**MATERIAL FOR THE TASK:**
BEGIN

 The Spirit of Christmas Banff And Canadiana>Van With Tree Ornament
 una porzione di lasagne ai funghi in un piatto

END
BEGIN

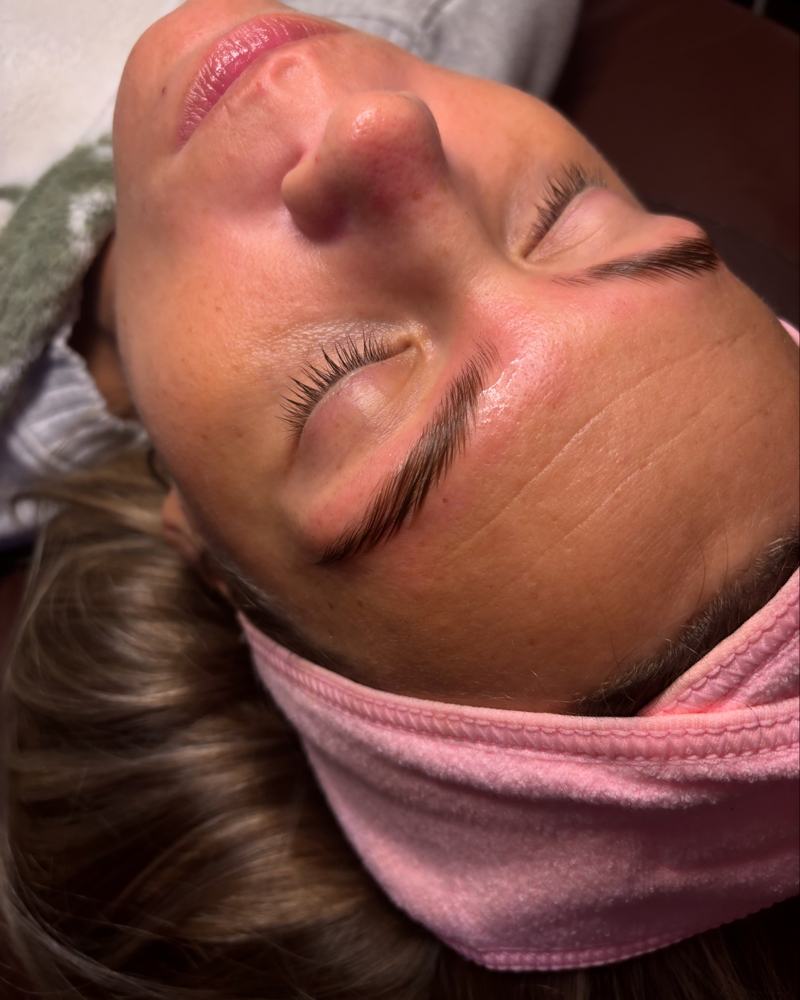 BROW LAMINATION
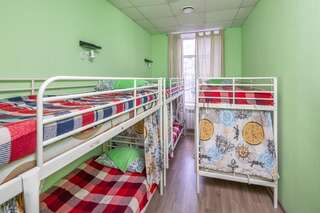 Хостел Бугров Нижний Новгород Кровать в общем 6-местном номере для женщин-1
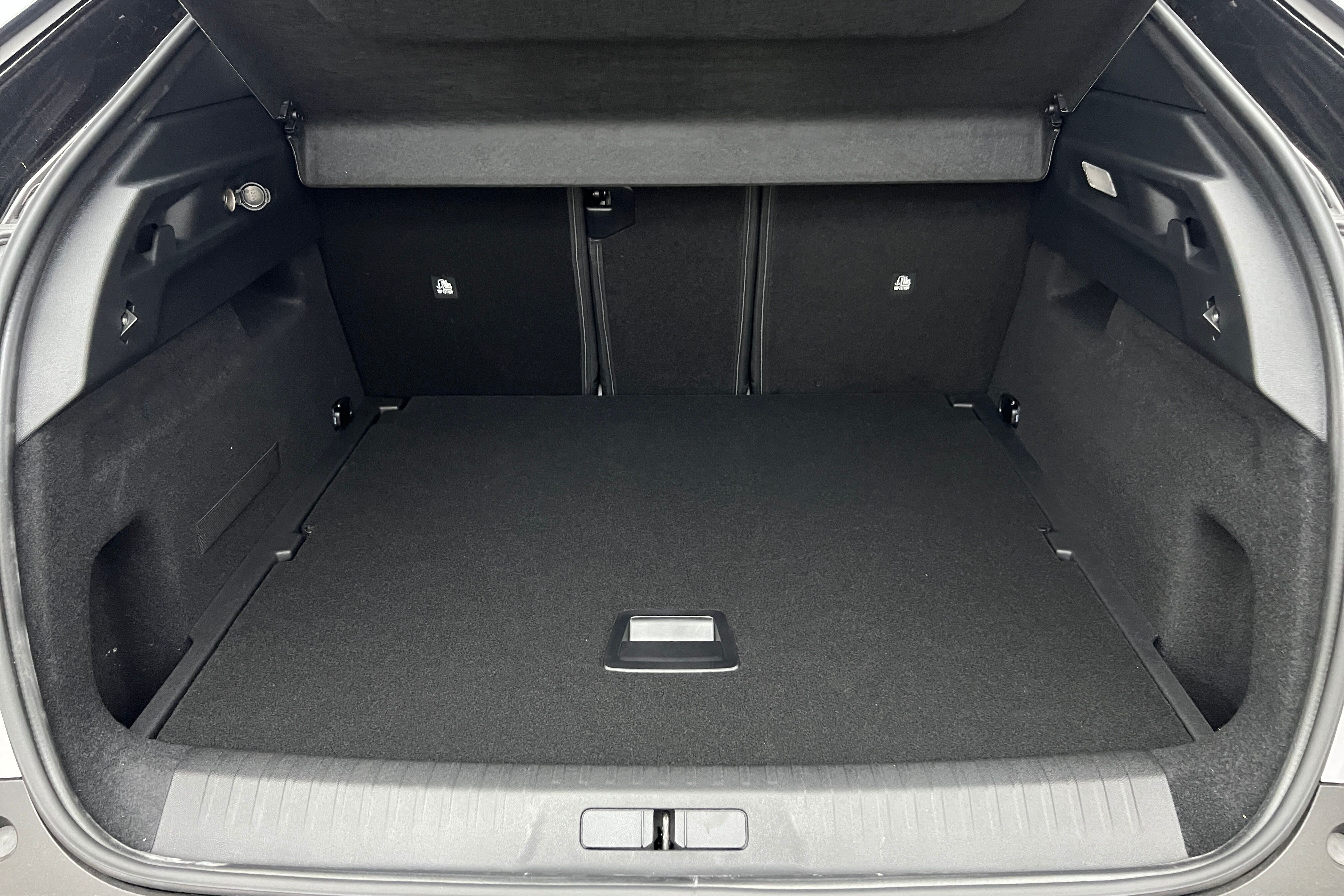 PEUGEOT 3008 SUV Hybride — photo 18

END
BEGIN

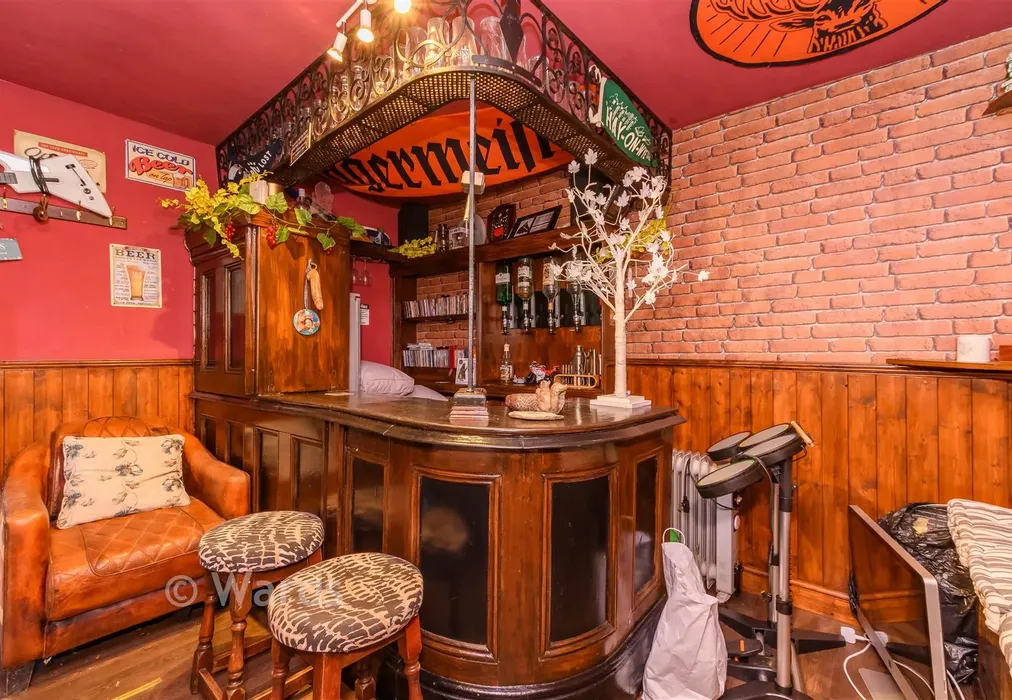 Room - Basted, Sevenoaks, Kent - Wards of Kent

END

**WHAT YOU ARE ASKED TO DO:** Find the line with "The Spirit of" in the material above. Reproduce it and each line after it up to and including the line with "una porzione di".

**WORKED SOLUTION:**
 The Spirit of Christmas Banff And Canadiana>Van With Tree Ornament
 una porzione di lasagne ai funghi in un piatto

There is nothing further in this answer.